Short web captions
● ● ●

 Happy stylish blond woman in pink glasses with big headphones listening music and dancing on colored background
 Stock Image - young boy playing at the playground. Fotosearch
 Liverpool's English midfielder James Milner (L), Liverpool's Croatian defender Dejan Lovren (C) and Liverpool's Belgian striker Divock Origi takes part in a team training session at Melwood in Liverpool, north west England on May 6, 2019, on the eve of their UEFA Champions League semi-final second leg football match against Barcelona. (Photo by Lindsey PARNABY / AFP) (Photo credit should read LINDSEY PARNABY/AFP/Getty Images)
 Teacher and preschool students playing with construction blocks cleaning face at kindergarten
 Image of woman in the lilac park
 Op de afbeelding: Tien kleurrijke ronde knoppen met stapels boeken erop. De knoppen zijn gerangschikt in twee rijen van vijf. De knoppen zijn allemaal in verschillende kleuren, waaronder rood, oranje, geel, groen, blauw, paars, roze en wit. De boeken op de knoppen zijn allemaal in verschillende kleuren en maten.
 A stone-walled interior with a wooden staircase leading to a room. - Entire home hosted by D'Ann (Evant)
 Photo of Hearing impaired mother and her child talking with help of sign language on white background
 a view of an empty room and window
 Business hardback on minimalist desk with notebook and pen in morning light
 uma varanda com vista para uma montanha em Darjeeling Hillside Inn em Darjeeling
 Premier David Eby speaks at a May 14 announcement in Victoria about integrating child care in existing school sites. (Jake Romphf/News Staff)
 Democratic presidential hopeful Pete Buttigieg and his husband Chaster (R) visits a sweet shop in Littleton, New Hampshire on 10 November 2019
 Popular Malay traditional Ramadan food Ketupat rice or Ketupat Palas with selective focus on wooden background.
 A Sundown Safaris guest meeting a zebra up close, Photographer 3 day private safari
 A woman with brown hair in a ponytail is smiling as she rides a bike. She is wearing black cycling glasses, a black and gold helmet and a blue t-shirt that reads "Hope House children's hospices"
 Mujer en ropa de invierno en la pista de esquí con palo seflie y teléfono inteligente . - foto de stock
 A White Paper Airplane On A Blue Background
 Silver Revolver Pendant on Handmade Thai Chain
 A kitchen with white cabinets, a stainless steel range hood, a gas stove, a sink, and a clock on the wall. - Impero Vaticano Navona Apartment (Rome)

● ● ●

What is required »
Set down exactly the lines that begin with the one containing "Democratic presidential hopeful" and end with the last line above, and no others.

Task response »
 Democratic presidential hopeful Pete Buttigieg and his husband Chaster (R) visits a sweet shop in Littleton, New Hampshire on 10 November 2019
 Popular Malay traditional Ramadan food Ketupat rice or Ketupat Palas with selective focus on wooden background.
 A Sundown Safaris guest meeting a zebra up close, Photographer 3 day private safari
 A woman with brown hair in a ponytail is smiling as she rides a bike. She is wearing black cycling glasses, a black and gold helmet and a blue t-shirt that reads "Hope House children's hospices"
 Mujer en ropa de invierno en la pista de esquí con palo seflie y teléfono inteligente . - foto de stock
 A White Paper Airplane On A Blue Background
 Silver Revolver Pendant on Handmade Thai Chain
 A kitchen with white cabinets, a stainless steel range hood, a gas stove, a sink, and a clock on the wall. - Impero Vaticano Navona Apartment (Rome)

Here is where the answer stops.